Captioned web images
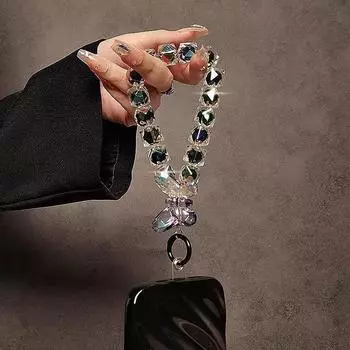 1PC Butterfly Beaded Handheld Chain Wristlet Acrylic Black Diamond Checkerboard Phone Chain Bag Lanyard Short Lanyard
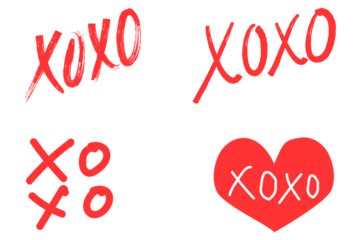 Four red xoxo illustrations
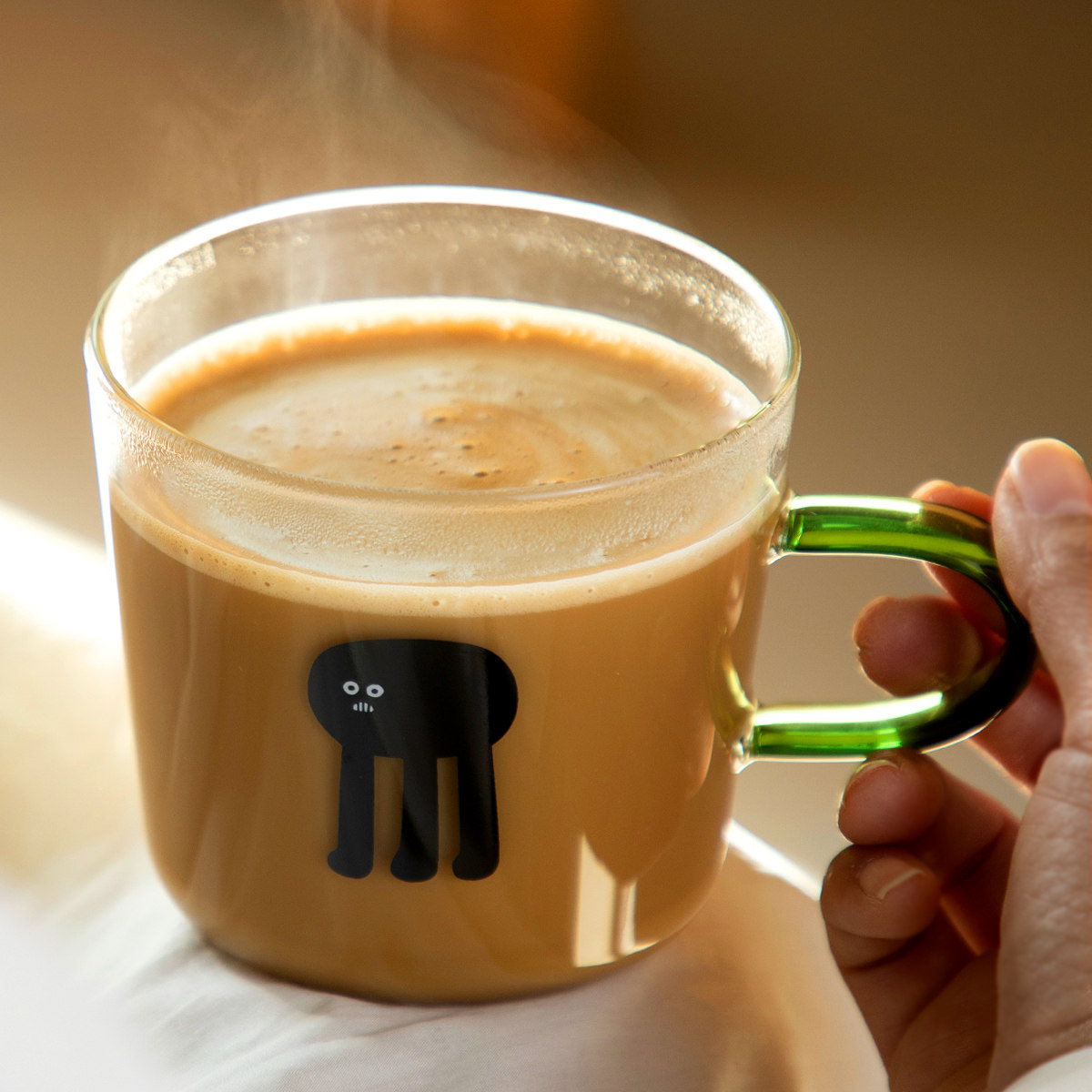 明三宅家原创日式耐高温手工圆形玻璃印花大容量早餐杯子奶茶杯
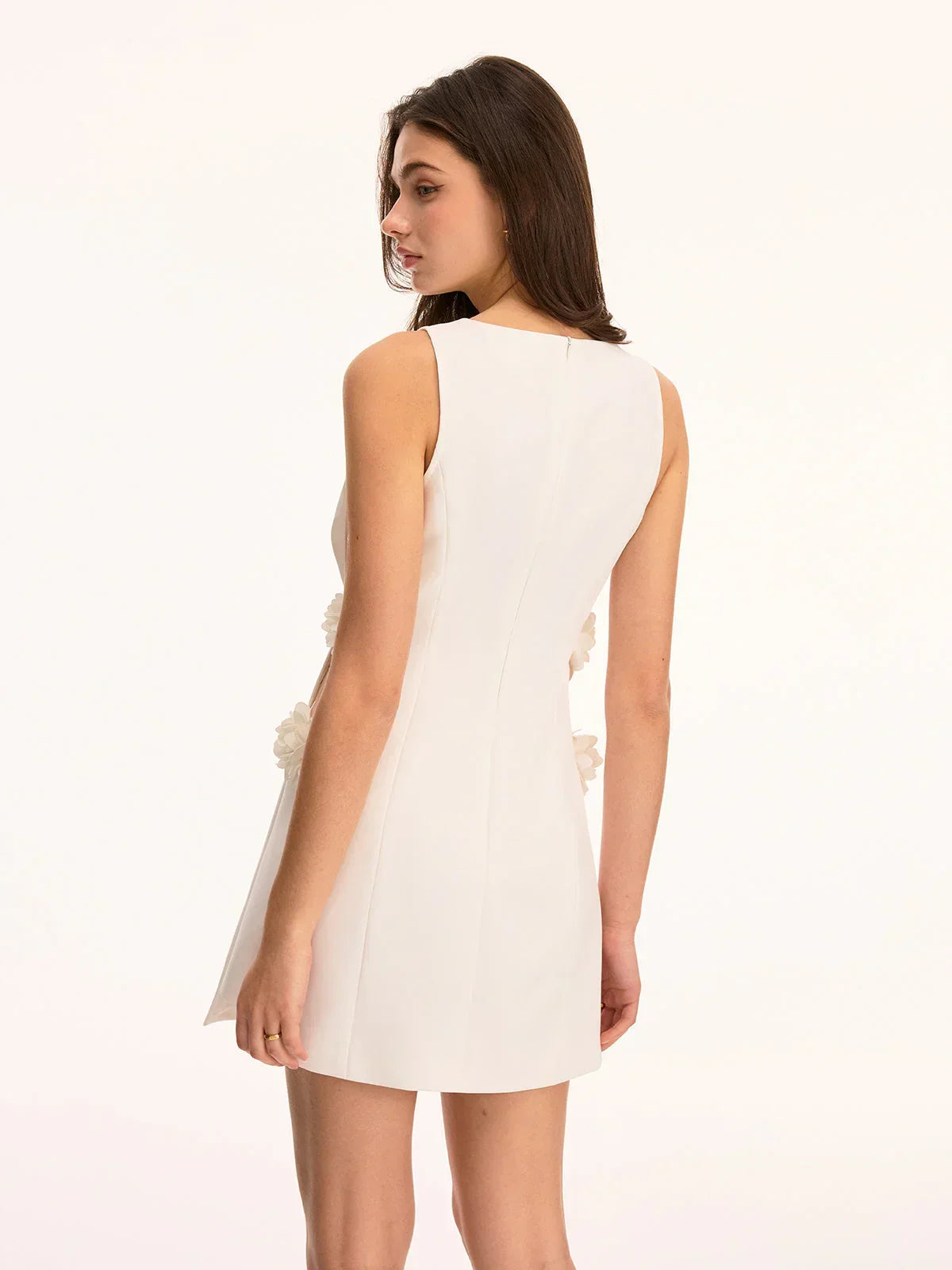 3D Floral Applique Sleeveless Mini Dress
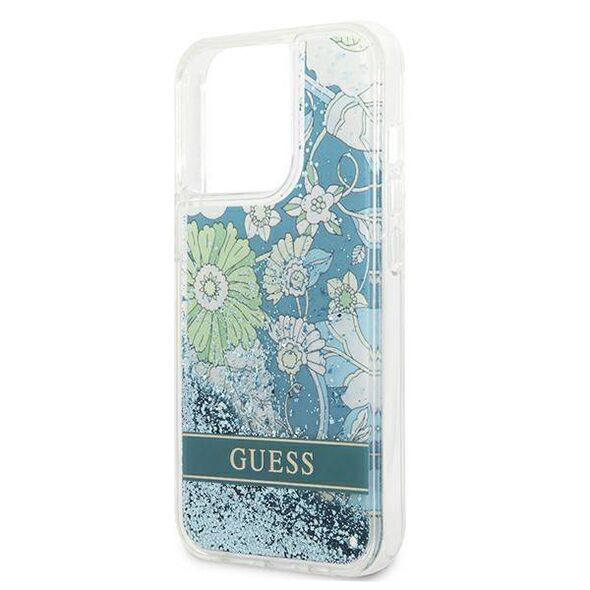 Case IPHONE 13 PRO MAX Guess Hardcase Flower Liquid Glitter (GUHCP13XLFLSN) green 3666339041380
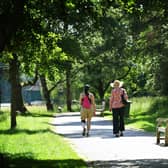 Walkers in Golden Acre Park, Leeds, in the heatwave. Picture: Jonathan Gawthorpe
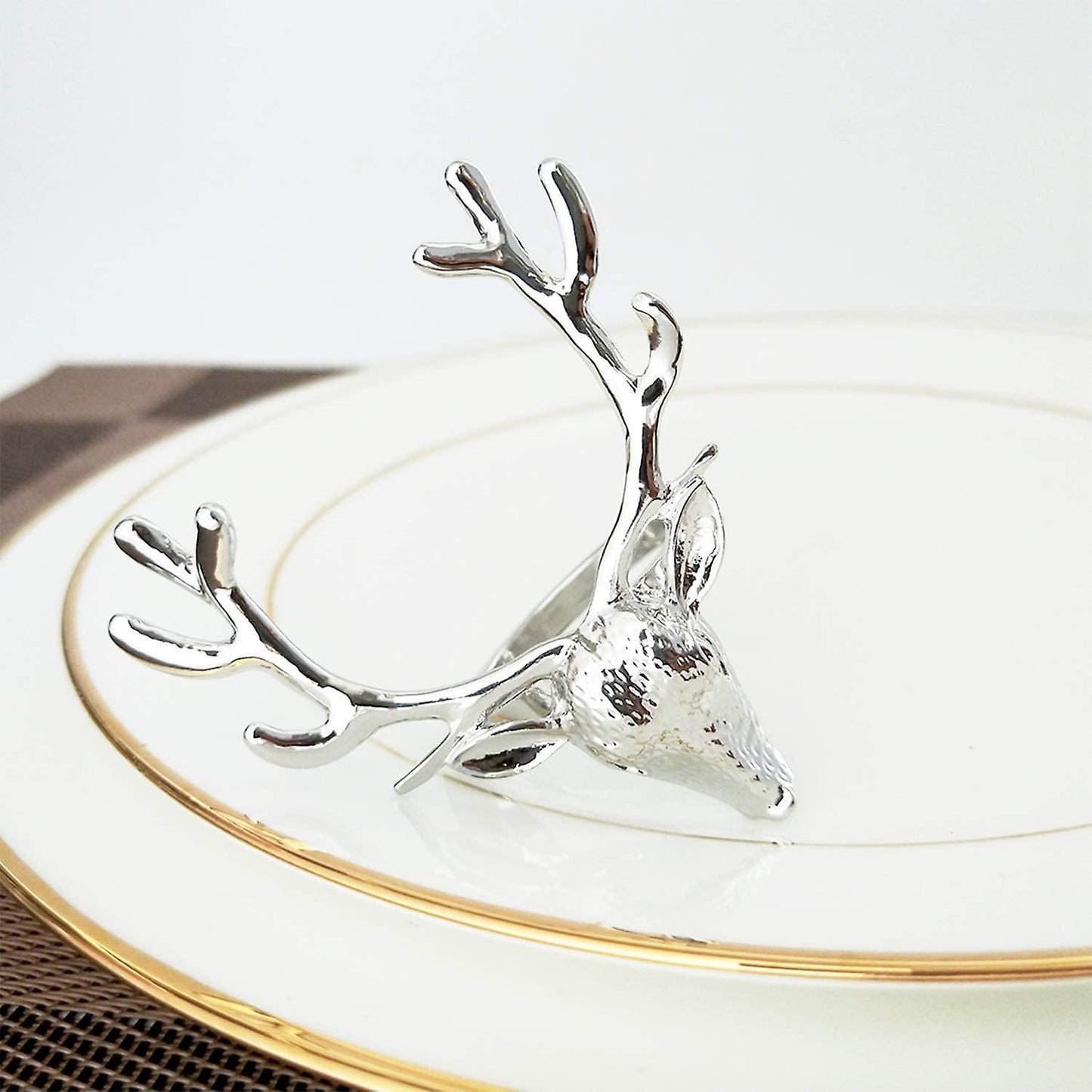 Deer Head Napkin Buckle Christmas Gold Reindeer Head Alloy (silver)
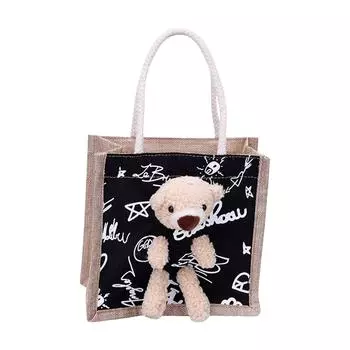 Персонализированная индивидуальная модная контрастная цветная сумка-тоут, повседневная маленькая сумка, сумка на плечо, сумка для обеда с медведем One Size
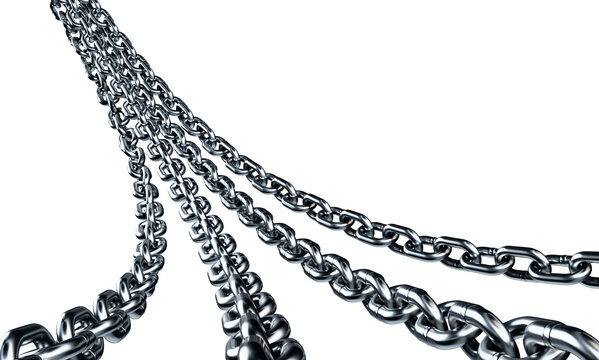 Iron Chain isolated on White Background. 3D illustration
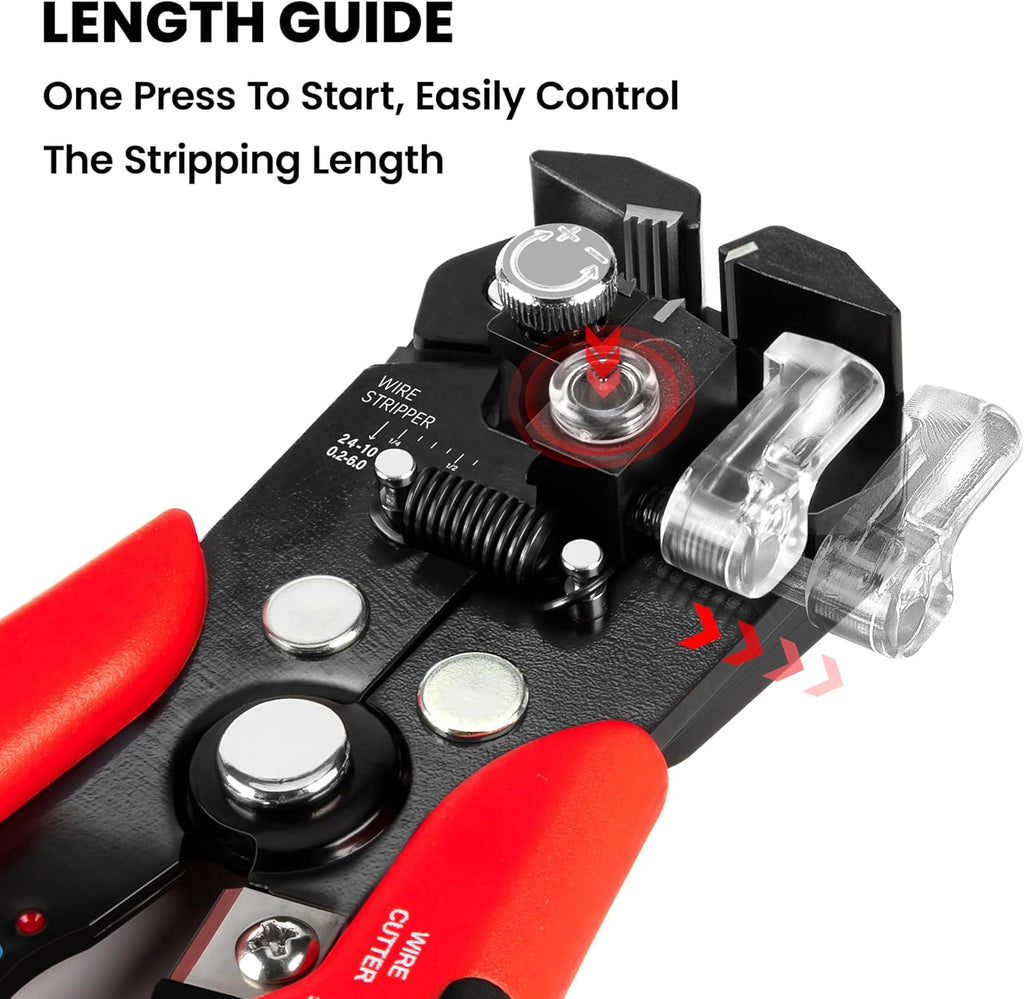 Wire Strippers Electrical, 3 in 1 Wire Cutters, Electrical Tools Terminal Crimper for Electricians, Circuit, Distribution Box Repair, AWG 10-22, Pressure Adjust Rotary Switch, SK5 Cutter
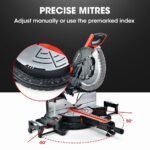 BAUMR-AG 305mm Dual Bevel Sliding Compound Mitre Drop Saw and Adjustable Stand Combo - Image 5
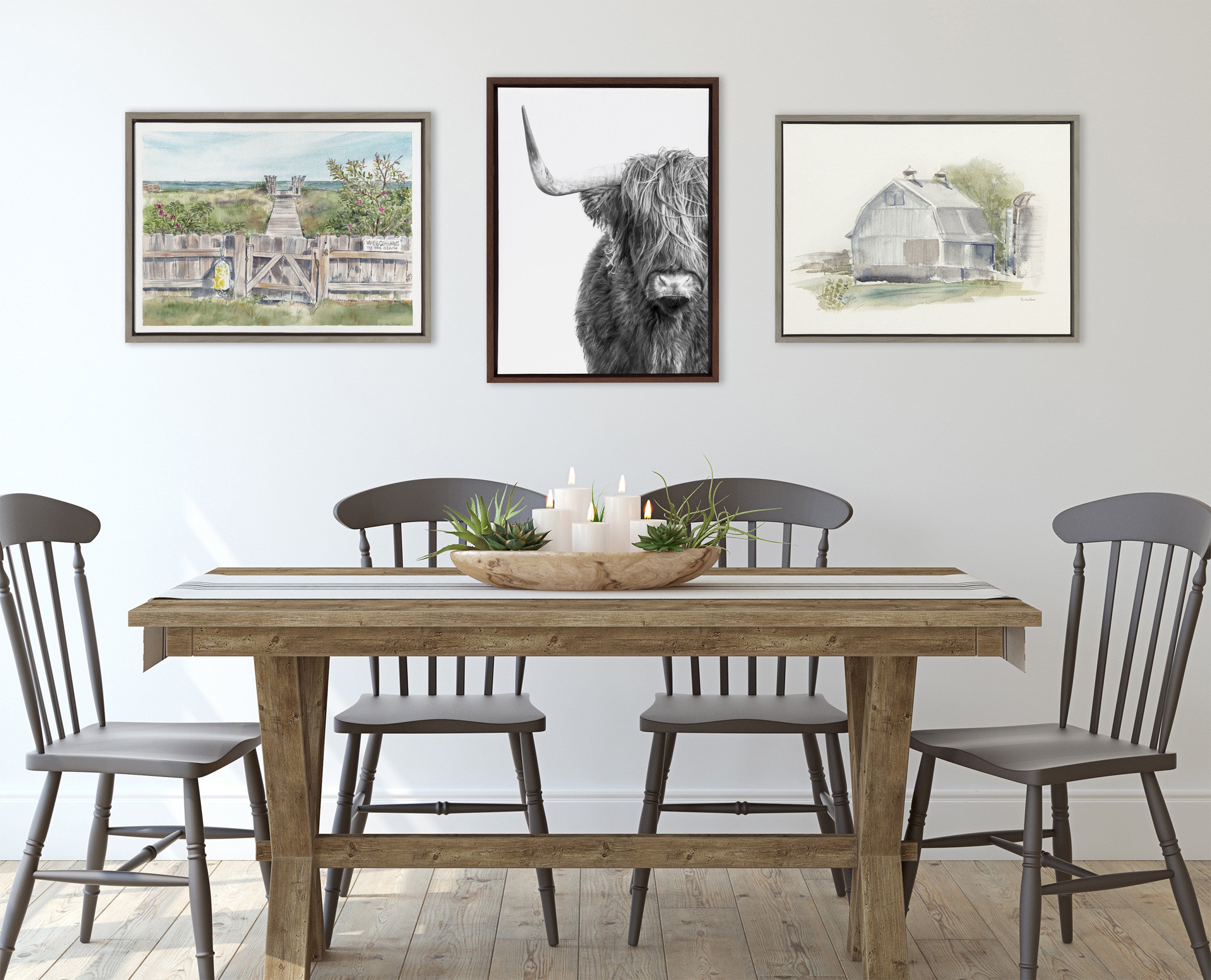 Sylvie B&W Highland Cow No. 1 Framed Canvas by Amy Peterson Art Studio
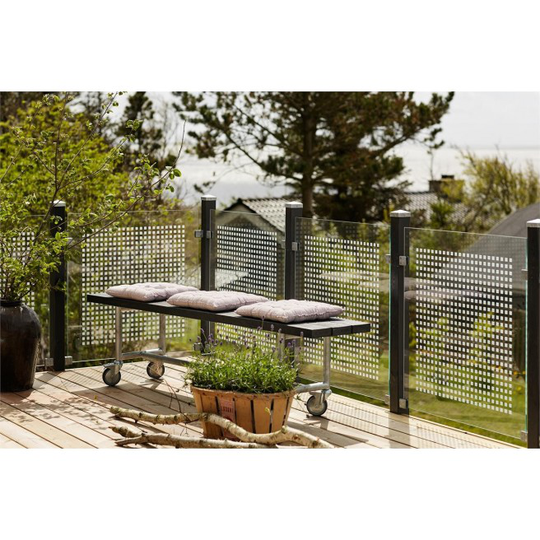 Plus Glashegn m/silketryk 90x91cm inkl. 4 glasbeslag, 6mm hærdet glas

WHAT IS BEING ASKED:
Please return the data above exactly as it stands from the line with "3D Floral Applique Sleeveless Mini Dress" to the line with "Персонализированная индивидуальная модная", keeping both of those lines but none of the pictures.

SOLUTION FOR THIS TASK:
 3D Floral Applique Sleeveless Mini Dress
 Case IPHONE 13 PRO MAX Guess Hardcase Flower Liquid Glitter (GUHCP13XLFLSN) green 3666339041380
 Walkers in Golden Acre Park, Leeds, in the heatwave. Picture: Jonathan Gawthorpe
 Deer Head Napkin Buckle Christmas Gold Reindeer Head Alloy (silver)
 Персонализированная индивидуальная модная контрастная цветная сумка-тоут, повседневная маленькая сумка, сумка на плечо, сумка для обеда с медведем One Size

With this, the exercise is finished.